Geografía de las plantas equinocciales. Cuadro físico de los Andes y países vecinos. Alexander von Humboldt, 1805.
¿Dónde han quedado esos ejercicios de miradas expandidas? Inmersos en una sociedad tecnológica, de inteligencia artificial, de capitalización de recursos naturales, es gratificante comprobar que el arte continúa ocupando un espacio desde donde despertar nuestra faceta sensible. Necesitamos crear nuevas representaciones, experiencias y afectos para actuar contra la crisis ecológica y superar la mirada romántica que tenemos sobre la “Naturaleza”.
Recientemente, en el Centre d'Arts Santa Mònica de Barcelona, asistí a una mesa redonda organizada por el grupo de investigación Tiempah en torno al arte y al co-habitar, en la que se expusieron creaciones artísticas materializadas en formatos diversos. Desde la tecnología de la obra Sintonitzacions, de Paula Vicente, a piezas de carácter más plástico como Los otros residentes, de P. Bruna, pasando por ensayos. Pese a la disparidad formal, todas las obras planteaban narrativas comunes y hacían hincapié en dos aspectos básicos, conocer para empatizar y dialogar con otros seres no humanos. Los diferentes discursos podían hilvanarse desde lo poético, desde allí buscaban sensibilizar al espectador. La afección era un valor subyacente en todas ellas.
Sintonitzacions, instalación interactiva. Paula Vicente, 2021 (vídeo).

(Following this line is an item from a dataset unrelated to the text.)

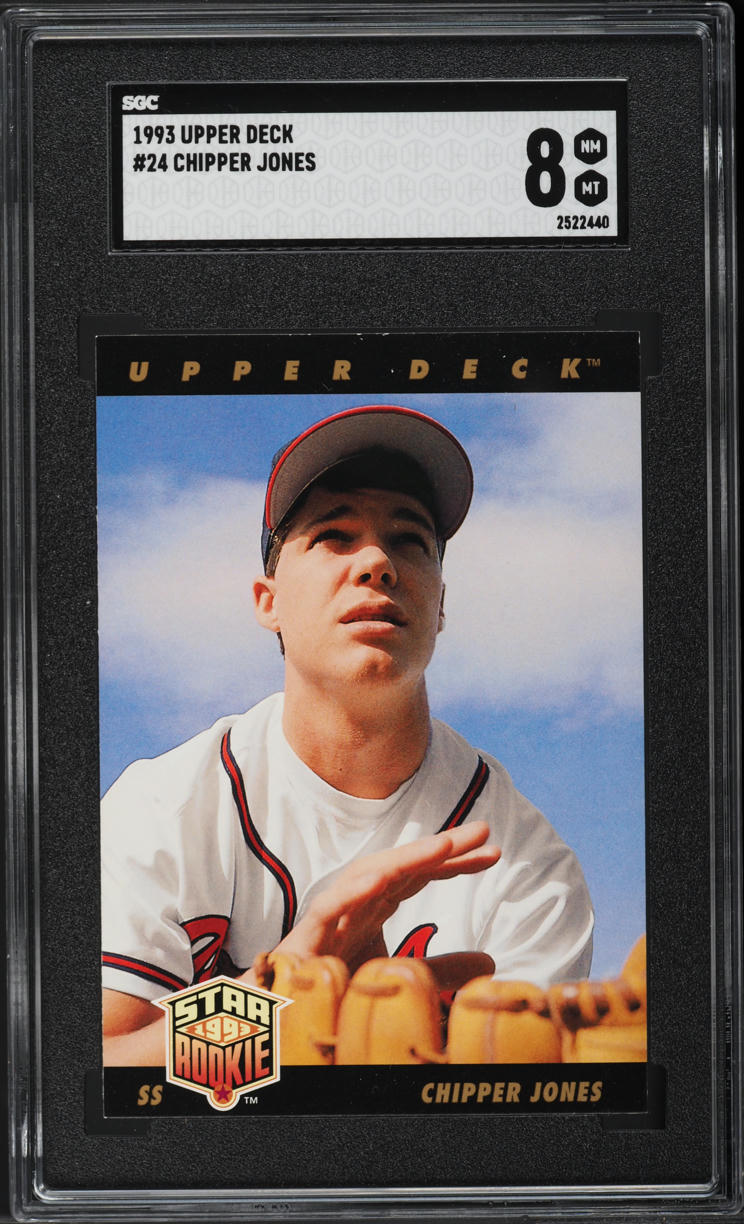 1993 Upper Deck Chipper Jones ROOKIE #24 SGC 8 NM-MT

Las obras tenían como protagonistas plantas e insectos cotidianos de nuestras latitudes, arañas, crasas, musgo, hormigas... En el proceso de creación, los artistas habían realizado un ejercicio de observación y un trabajo por establecer una comunicación con ellos. De forma lúdica e interactiva, el proyecto de la joven Paula Vicente traduce en sonido y luz la conductividad que tenemos todos los cuerpos. Como explica la artista, Sintonitzacions pone el foco en el intercambio de energías, de voltaje, que tiene lugar cuando los cuerpos se acercan. La respuesta de las planta cuando las tocamos queda visibilizada sonora y lumínicamente generando rápidamente curiosidad en nosotros. Comenzamos a preguntarnos qué pasa si cambiamos la manera de tocarlas, si la acariciamos o si simplemente rozamos sus hojas. La obra facilita el establecimiento de un diálogo que nos invita a acercarnos a la planta desde otro lugar.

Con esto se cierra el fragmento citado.